Monday, August 30, 2010

Rwanda is for the first time participating in the International Architecture Exhibition running from August 29 to November 21, in the Italian city of Venice.

The event, in which 53 countries have pavilions, is aimed at drawing attention to the use of traditional techniques and materials in design and architecture.
Participants include architects, engineers and artists from around the world.

The event’s Director, Kazuyo Sejima, said in a statement that this year’s event should be a reflection on architecture, adding that the idea is to help people relate to architecture, to help architecture relate to people, and to help people relate to themselves.
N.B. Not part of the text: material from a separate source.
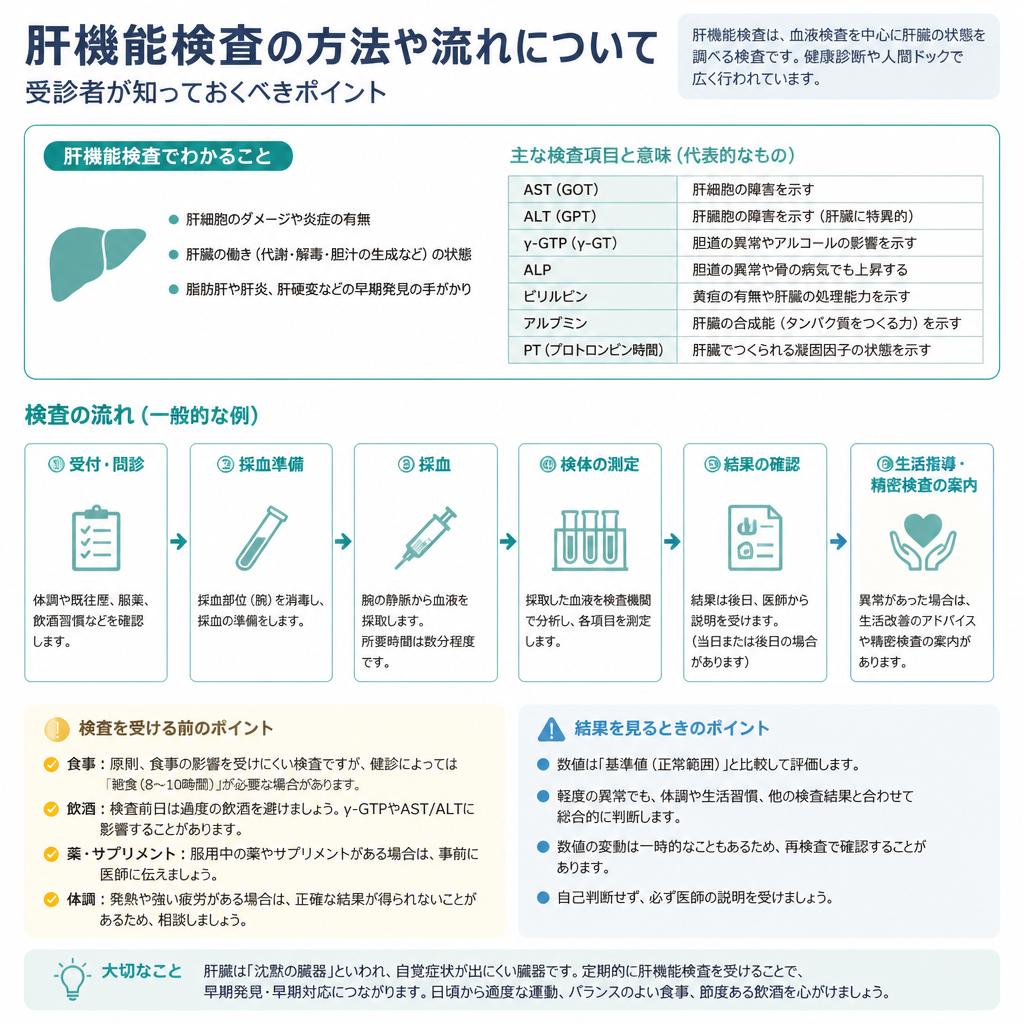 どうやって検査するのか？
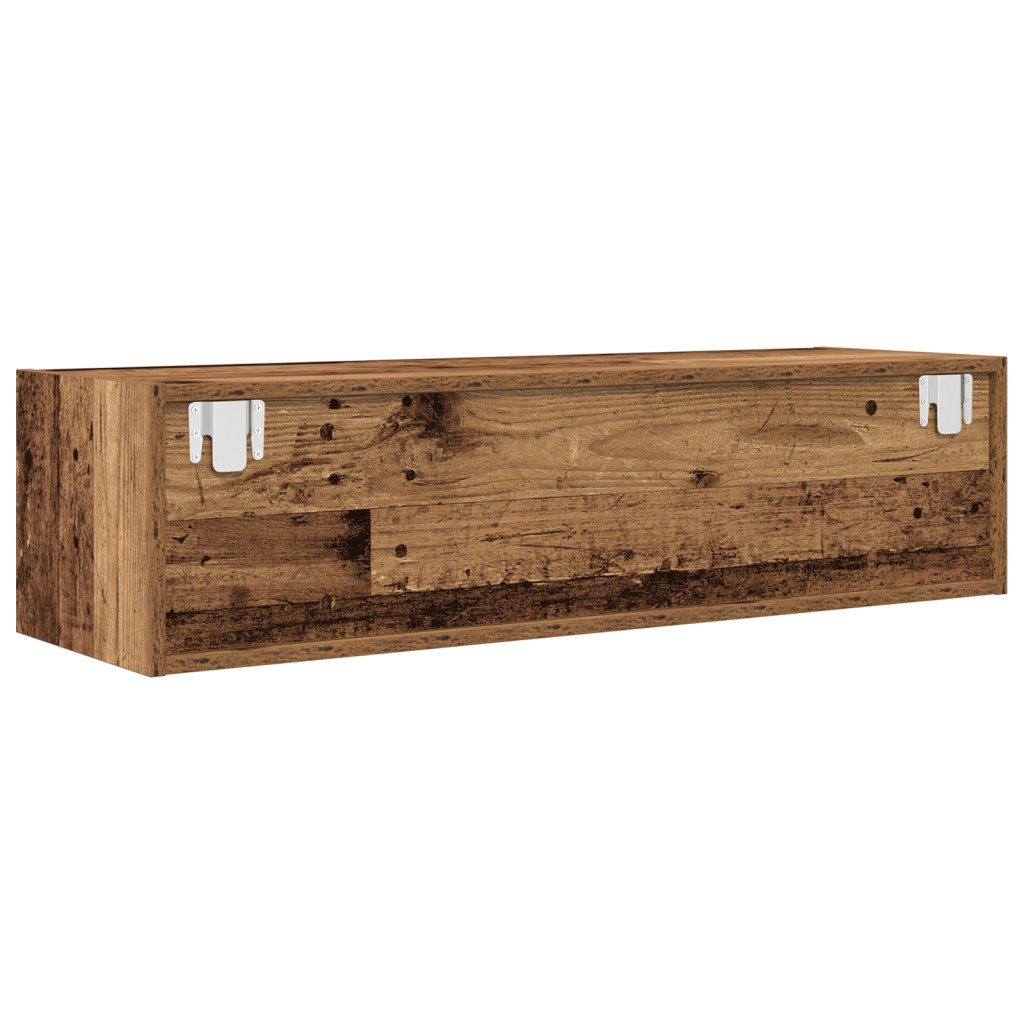 TV Szekrény Régi Fa 100x31x25,5 cm Műanyag Fa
"The twenty-first century has just started. Many radical changes are taking place. In such a rapid-changing context, can architecture clarify new values and a new lifestyle for the present?” posed Sejima.

"Hopefully, this show will be a chance to experience the manifold possibilities of architecture, as well as to account for its plurality of approaches, each one of them being a different way of living.”

Rwanda’s exhibitions show how traditional weaving techniques and natural fibres can be used to create necklaces or shoes, how ash and cow dung can decorate modern walls and how alternatives to paper can be used in making handmade books.

"Today, before we throw away vegetable fibres we have to think again,” Josephine Malonza, the acting Dean in the Faculty of Architecture at the Kigali Institute of Science and Technology (KIST) told a seminar on Saturday, at the Rwanda’s pavilion.

Prominent Burkina Faso architect Francis Kere on Saturday noted that Africans have alternatives to air-conditioning, and mud is a material that is perfectly adapted to the African situation.

Apart from Rwanda, other first-time national participations include Albania, Kingdom of Bahrain, Iran, Malaysia and Morocco.